There's nothing inherently wrong with bland music. In fact, it wasn't until the last few decades that "bland" picked up a pejorative connotation; used to be that when something was described as "bland" they meant to compliment it as something soothing, something gentle and pleasant, and there is plenty of music in this world that works just fine as a kind of trance-inducer. However, when music is supposed to get the crowd jumping -- when a band is working in a rock'and'roll paradigm and each band member takes time to posture or strut (whichever's appropriate) while ripping on their guitar, assaulting their drums or slapping away at the bass -- bland is not a word that should be anywhere near the mind.
Yet that's the first word that came to mind when I witnessed David Paige's
performance at the Bowery Electric last Tuesday. Upon further examination, though, it's not quite right; other, even more appropriate words still fall short. "Insubstantial," is too complementary, as if to say the work fell just short of something; "empty" would imply that there's a vessel to be filled here, an empty room but sizable room just waiting to be stocked full of influences.
The reality is that there's just very little of anything
in Paige's water-logged brand of pop-rock and it is
a brand; from the USB-equipped slap bracelets the manager handed out to the Paige's pseud-suave self-presentation you could tell this was about selling an image of savvy "cool" rather. The fact that he touted his appearance on VH1's "Let's Make a Rock Star" throughout the show as if it was some kind of bona fides was the last word anyone needed to hear. That he complemented this with classically obnoxious rock-star behavior -- dedicating songs to exes and "crazy bitches," swaggering front-and-center on stage so we could all witness his attempts at shredding -- might have been meant to distract from the complete dearth of musical ideas that Paige and his own brought to the stage but it actually only served to highlight how little musically this outfit had to offer.
To call Mr.
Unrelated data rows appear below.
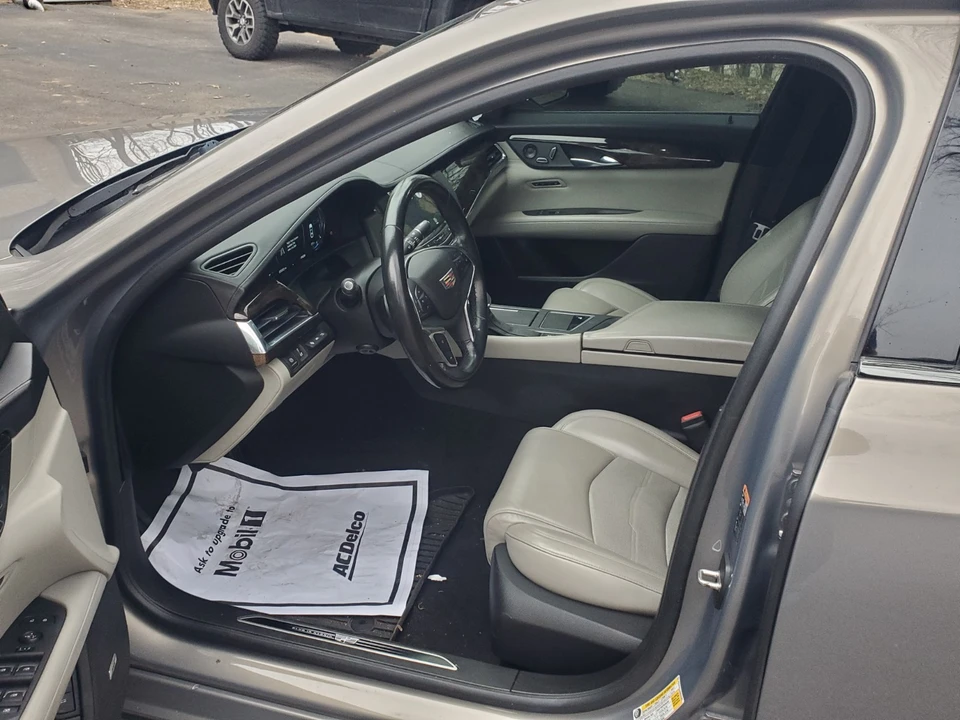 2017 Cadillac CT6 - Image 10 of 21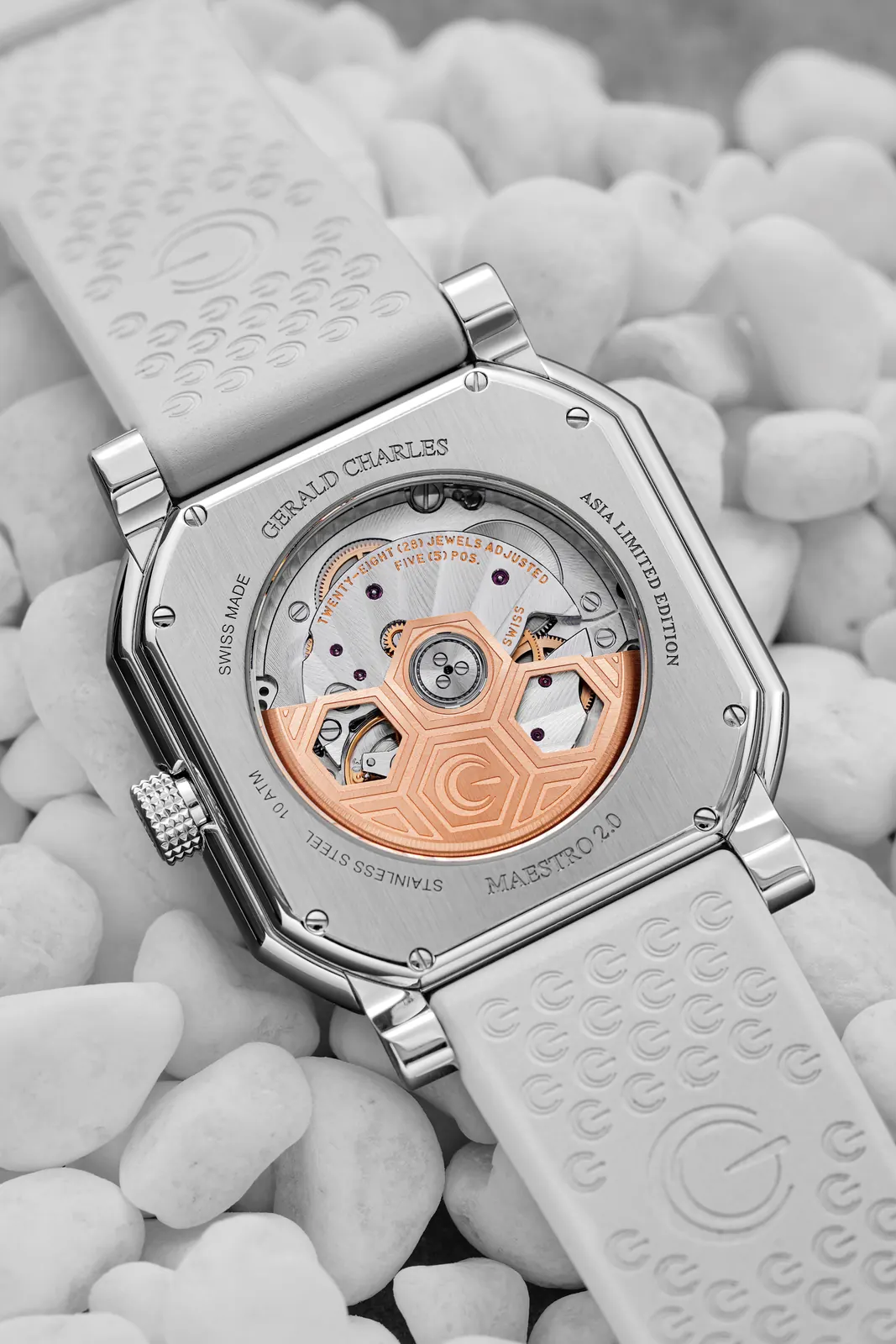 Gerald Charles Maestro 2.0 Asia Edition case back with vertical brushed finish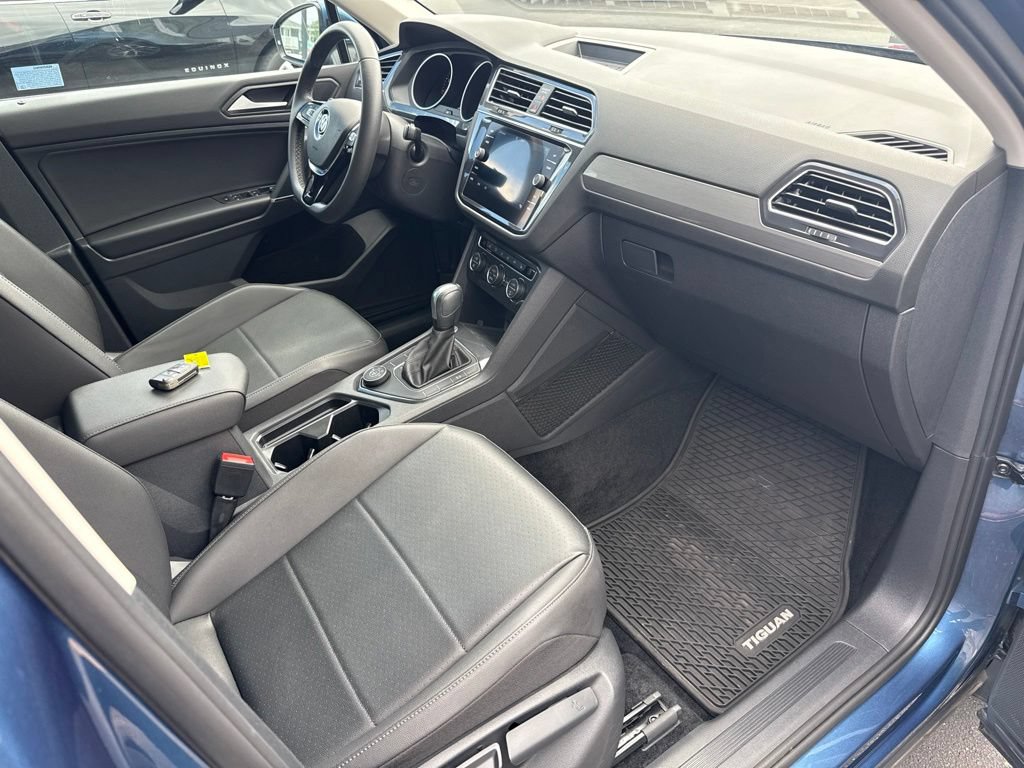 Used 2020 Volkswagen Tiguan SE AWD/4WD image 34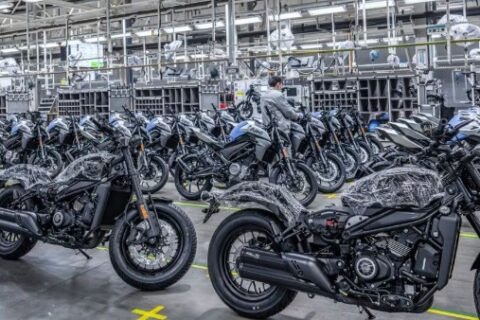 Street, VIDEO, CFMoto, la claque industrielle : comment la Chine fabrique d&eacute;sormais des motos qui font trembler l&rsquo;Europe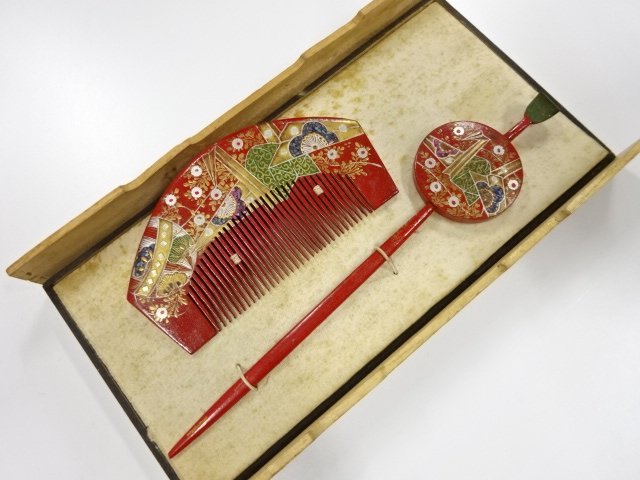 JAPANESE KIMONO / ANTIQUE LACQUERED MAKI-E COMB / SET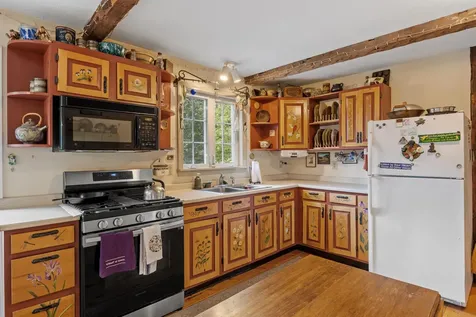 1041 Battle Street Webster NH 03303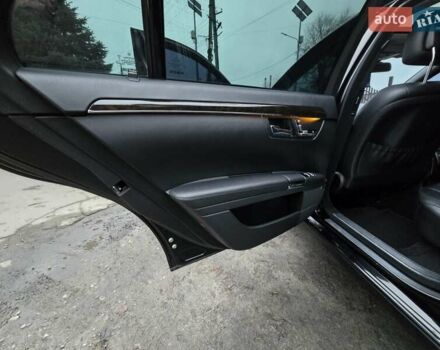 Черный Мерседес С Класс, объемом двигателя 3.5 л и пробегом 188 тыс. км за 14999 $, фото 34 на Automoto.ua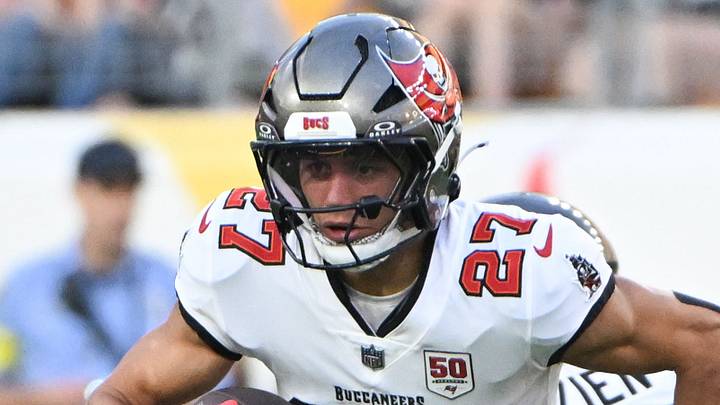 Tampa Bay Buccaneers cornerback Zyon McCollum (27).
Paige's music bad would be to give it too much credit; it'd be like a food critic calling poi disgusting when the truth is that it's so tasteless it does not even fire up the taste buds. Similarly, the music that comes out of David Paige's band glides right through one ear and out of the other, failing to alight for even a second on the brain. It's so far behind the background that it's not even background music; it's a vacuum.